With a razor wit and a kind heart, Bryson serves up a colorful tale of boredom, kitsch, and beauty when you least expect it. Gentler elements aside, The Lost Continent is an amusing book. Here's Bryson on the women of his native state: "I will say this, however--and it's a strange, strange thing--the teenaged daughters of these fat women are always utterly delectable ... I don't know what it is that happens to them, but it must be awful to marry one of those nubile cuties knowing that there is a time bomb ticking away in her that will at some unknown date make her bloat out into something huge and grotesque, presumably all of a sudden and without much notice, like a self-inflating raft from which the pin has been yanked."
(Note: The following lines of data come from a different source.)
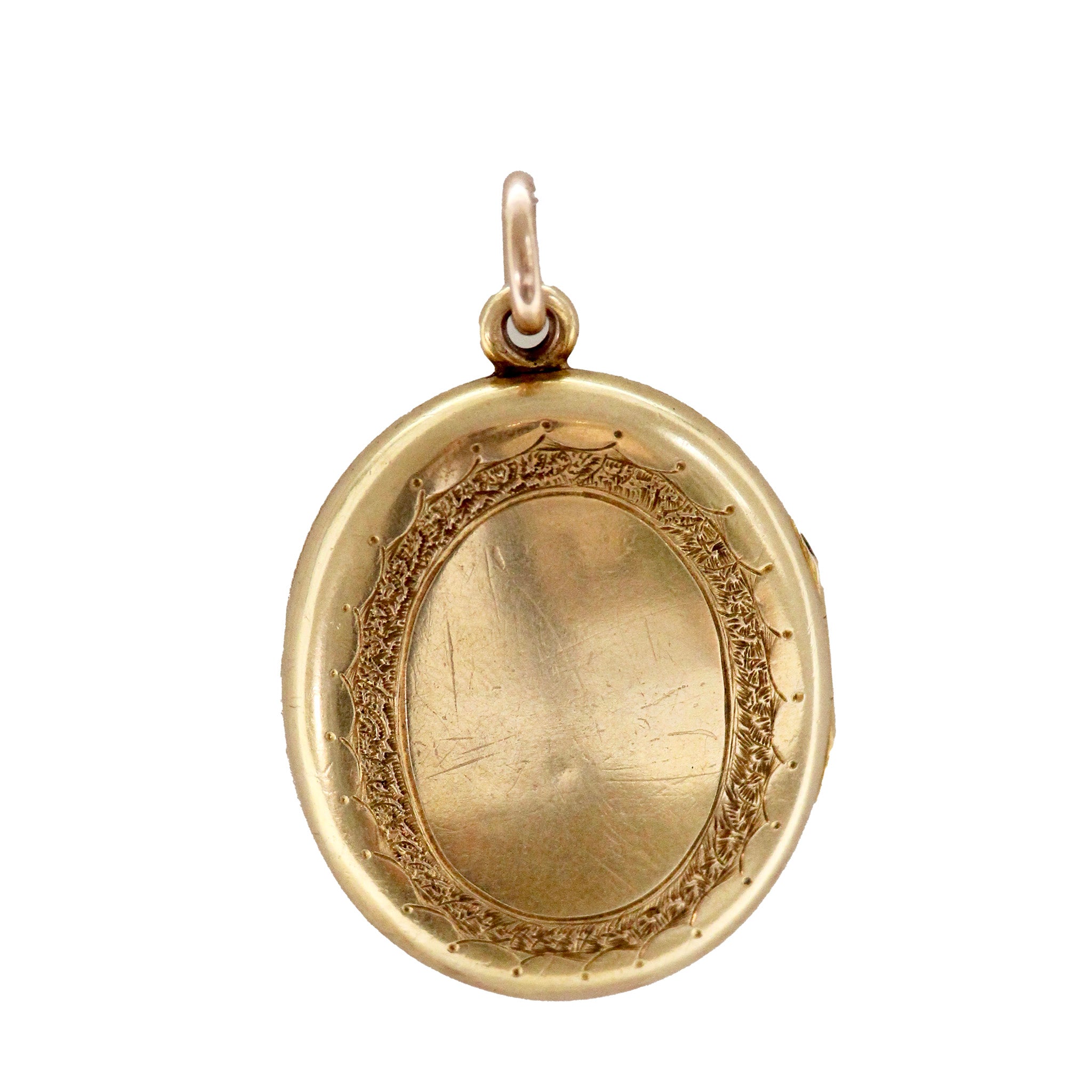 vintage LOCKET pendant 750刻印　K18 vintage LOCKET pendant 750刻印 K18 vintage LOCKET pendant 750刻印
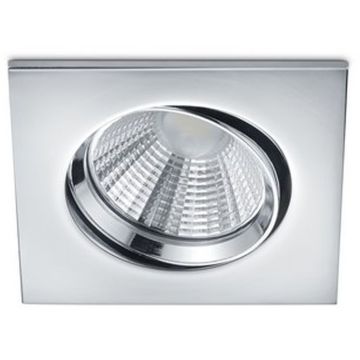 Trio PAMIR 650410106 Įmontuojamas apšvietimas 1x5.5w/led 3000k 345lm ip23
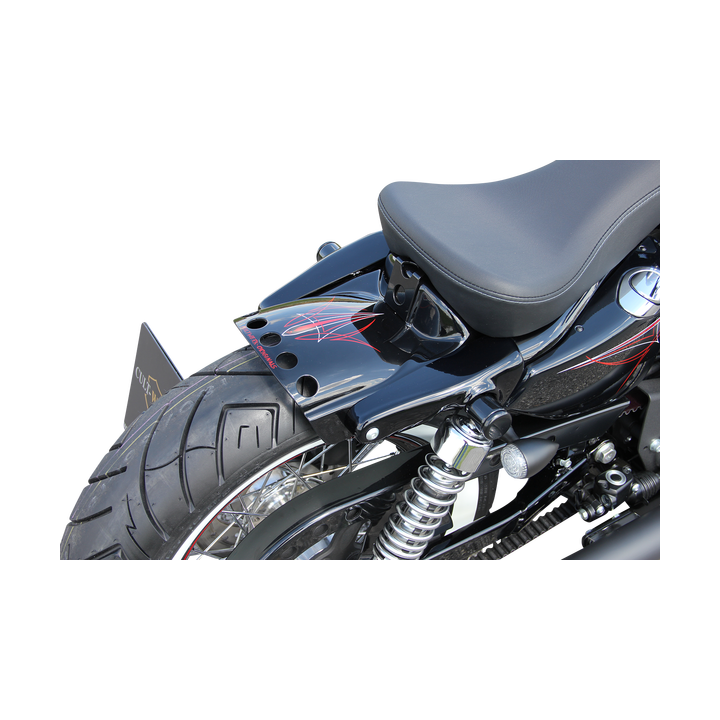 Cult Werk Hinterer Stoßdämpfer Rr Fender Bobber Short Xl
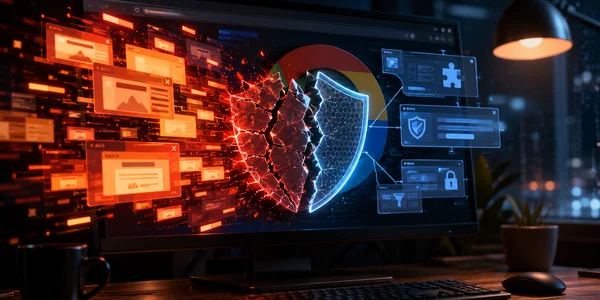Chrome окончательно уводит блокировщики рекламы на Manifest V3: классический uBlock Origin больше не вписывается в новую модель расширений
Yes, Bill, but be honest: what do you really think?

Product Description
An unsparing and hilarious account of one man's rediscovery of America and his search for the perfect small town.


Customer Reviews:   Read 280 more reviews...
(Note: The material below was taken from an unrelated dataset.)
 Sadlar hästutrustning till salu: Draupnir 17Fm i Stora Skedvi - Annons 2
5 out of 5 stars Wicked humour   May 26, 2000
 92 out of 110 found this review helpful

Bryson was born in Des Moines, and moved to England in his early twenties, marrying and settling down there. This book documents a trip by car around America, starting and ending in Des Moines, after many years in the UK. The ostensible theme of the book is a search for the perfect small town; a sort of Ray Bradbury idealization of fifties America. There's no such town, of course, but Bryson just uses the theme as a springboard for some of the funniest descriptions, stories, and digressions I have ever read.

When I started reading this book, I laughed so much my wife wouldn't let me read it in bed. Then she picked it up and discovered how funny it was, and wanted to read it before me. Eventually we compromised, and kept it in the car; the rule was that whoever was driving had to read it to the driver. Several times, however, the reader was laughing so hard that they couldn't get comprehensible words out, and the driver had to pull over to the hard shoulder and grab the book for themselves.

Yes, he's a curmudgeon, as other reviewers here have noticed. That's just his style. He's not deep, either; his occasional ruminations aren't negligible, but he's no Mark Twain. But he has an acidly sharp eye for inanity and stupidity, and his anecdotal technique is flawless.

His other travel books are along much the same lines, but to me this is the funniest, though "A Walk in the Woods" does show he is capable of good introspective writing. "The Lost Continent" is sharp, satirical, acute, and unkind--wickedly funny in every sense of the word.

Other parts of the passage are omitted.